Agentic Development: The Case for Managed Divergence

Today, many organizations are adopting agentic development, both to unlock its potential and to stay ahead of the curve. My current organization is no different. As part of this effort, a set of alpha teams are exploring its adoption, building early capabilities and sharing learnings to guide broader rollout.

https://learnbyinsight.com/wp-content/uploads/2026/05/agentic-development-divergence.png


Being part of one such alpha team, I have been observing an emerging pattern. Many teams are building similar capabilities (like PDLC orchestrators, agent workflows and supporting skills) but in slightly different ways, often tailored to their specific product contexts.

While this can feel like duplication at first, I believe it is actually driving rapid organizational learning. Sharing a few thoughts on why this phase exists and how we might navigate it more intentionally.

The Paradox: Standardization Needs Maturity

In mature engineering domains, we standardize because the patterns are well understood. With agentic development, we are still discovering the primitives:

  • Evolving Problem Space: Moving from deterministic execution to probabilistic reasoning
  • Forming Abstractions: Defining what an “agent” fundamentally is in our organizational context
  • Emerging Operating Models: Especially how we handle “Human-in-the-loop” (HITL) handoffs

The Risk: In this context, early standardization doesn’t create a foundation instead it creates a ceiling. It constrains exploration before we know what is actually worth scaling.
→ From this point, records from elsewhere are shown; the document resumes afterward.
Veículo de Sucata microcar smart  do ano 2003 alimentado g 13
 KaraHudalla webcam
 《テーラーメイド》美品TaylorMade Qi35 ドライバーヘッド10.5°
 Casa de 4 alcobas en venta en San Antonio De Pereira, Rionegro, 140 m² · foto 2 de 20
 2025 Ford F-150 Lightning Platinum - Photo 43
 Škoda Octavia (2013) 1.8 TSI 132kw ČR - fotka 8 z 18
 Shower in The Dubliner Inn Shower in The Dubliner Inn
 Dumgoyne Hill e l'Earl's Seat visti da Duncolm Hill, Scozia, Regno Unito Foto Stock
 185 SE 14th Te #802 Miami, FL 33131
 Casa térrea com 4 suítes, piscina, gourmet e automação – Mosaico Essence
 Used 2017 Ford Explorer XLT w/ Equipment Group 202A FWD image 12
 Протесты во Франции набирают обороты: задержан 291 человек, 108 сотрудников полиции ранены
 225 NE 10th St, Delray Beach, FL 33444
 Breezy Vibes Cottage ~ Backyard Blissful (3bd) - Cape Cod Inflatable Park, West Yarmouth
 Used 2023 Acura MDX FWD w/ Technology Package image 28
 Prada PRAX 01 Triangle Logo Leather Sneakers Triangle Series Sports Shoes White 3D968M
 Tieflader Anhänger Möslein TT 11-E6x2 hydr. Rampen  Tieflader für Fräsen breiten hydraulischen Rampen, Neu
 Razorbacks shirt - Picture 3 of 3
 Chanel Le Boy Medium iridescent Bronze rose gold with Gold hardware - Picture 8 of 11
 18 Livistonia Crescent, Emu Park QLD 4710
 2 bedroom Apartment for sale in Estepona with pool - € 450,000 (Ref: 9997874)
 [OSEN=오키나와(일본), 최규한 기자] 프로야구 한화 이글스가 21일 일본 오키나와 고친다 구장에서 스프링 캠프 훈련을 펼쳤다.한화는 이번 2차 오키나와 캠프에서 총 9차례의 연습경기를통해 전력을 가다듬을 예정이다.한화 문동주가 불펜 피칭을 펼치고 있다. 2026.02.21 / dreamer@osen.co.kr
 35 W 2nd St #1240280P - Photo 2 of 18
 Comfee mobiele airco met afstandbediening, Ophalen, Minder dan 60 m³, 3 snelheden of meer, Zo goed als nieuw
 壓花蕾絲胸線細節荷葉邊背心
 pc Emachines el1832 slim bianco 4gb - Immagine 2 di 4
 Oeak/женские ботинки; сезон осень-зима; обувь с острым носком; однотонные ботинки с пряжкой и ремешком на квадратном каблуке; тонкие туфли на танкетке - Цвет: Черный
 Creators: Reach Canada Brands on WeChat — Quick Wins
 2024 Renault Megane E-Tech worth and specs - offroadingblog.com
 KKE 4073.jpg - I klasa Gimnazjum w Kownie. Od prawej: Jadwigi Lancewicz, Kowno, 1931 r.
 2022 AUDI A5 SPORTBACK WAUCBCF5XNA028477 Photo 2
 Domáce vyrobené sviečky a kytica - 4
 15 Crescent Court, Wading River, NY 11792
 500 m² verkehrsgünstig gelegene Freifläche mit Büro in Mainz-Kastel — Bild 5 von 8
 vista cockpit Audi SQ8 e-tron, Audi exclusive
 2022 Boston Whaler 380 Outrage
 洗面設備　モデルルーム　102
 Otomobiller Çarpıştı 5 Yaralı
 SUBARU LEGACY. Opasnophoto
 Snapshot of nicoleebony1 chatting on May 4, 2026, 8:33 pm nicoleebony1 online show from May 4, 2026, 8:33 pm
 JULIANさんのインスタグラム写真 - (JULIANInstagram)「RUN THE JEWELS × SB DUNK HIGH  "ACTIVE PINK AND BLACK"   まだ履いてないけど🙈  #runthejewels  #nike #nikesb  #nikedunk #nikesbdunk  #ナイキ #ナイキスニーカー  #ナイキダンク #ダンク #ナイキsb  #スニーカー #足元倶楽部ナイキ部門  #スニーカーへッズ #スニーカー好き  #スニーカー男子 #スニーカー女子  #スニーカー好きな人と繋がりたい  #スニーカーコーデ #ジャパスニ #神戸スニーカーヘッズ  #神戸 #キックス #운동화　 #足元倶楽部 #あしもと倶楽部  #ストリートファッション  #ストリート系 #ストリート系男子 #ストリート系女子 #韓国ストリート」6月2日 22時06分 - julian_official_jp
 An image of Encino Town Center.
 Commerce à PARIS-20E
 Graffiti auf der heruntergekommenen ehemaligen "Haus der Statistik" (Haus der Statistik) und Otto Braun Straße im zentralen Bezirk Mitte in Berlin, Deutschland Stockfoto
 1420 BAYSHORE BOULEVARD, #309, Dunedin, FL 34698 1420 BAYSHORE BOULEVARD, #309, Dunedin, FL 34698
The “Divergence” Phase: Learning at Scale

What we are seeing right now is a natural progression. It’s a phase characterized by:

  1. Parallel Experimentation: Teams building similar capabilities to solve immediate problems
  2. Local Optimizations: Moving faster by tailoring tools to specific team contexts
  3. The “Almost-Right” Stage: Multiple versions of the same idea, each slightly different

This is the “Broad Adoption” stage. It may look like duplication, but it is actually increasing our learning velocity. We are effectively running parallel A/B tests on architecture across the company.

The Real Danger: Fragmentation Without Direction

Divergence is healthy, but unmanaged fragmentation is not. The challenge arises when:

  • Teams are unaware of parallel efforts
  • Learnings are trapped in silos
  • Solutions are too tightly coupled to be reused or migrated later

If we don’t have a path to converge, we aren’t innovating as effectively, we’re just drifting.

A Balanced Way Forward

To ensure this divergence leads to a stronger future state, I’m leaning into three guiding principles:

https://learnbyinsight.com/wp-content/uploads/2026/05/agentic-balanced-way.png

1. Visibility Over Restriction

We shouldn’t stop teams from building, but we should require them to share. Visibility through demos, shared registries or internal “RFCs” (Requests For Comments) allows the best ideas to gain natural gravity. It reduces “accidental” duplication while allowing “intentional” experimentation.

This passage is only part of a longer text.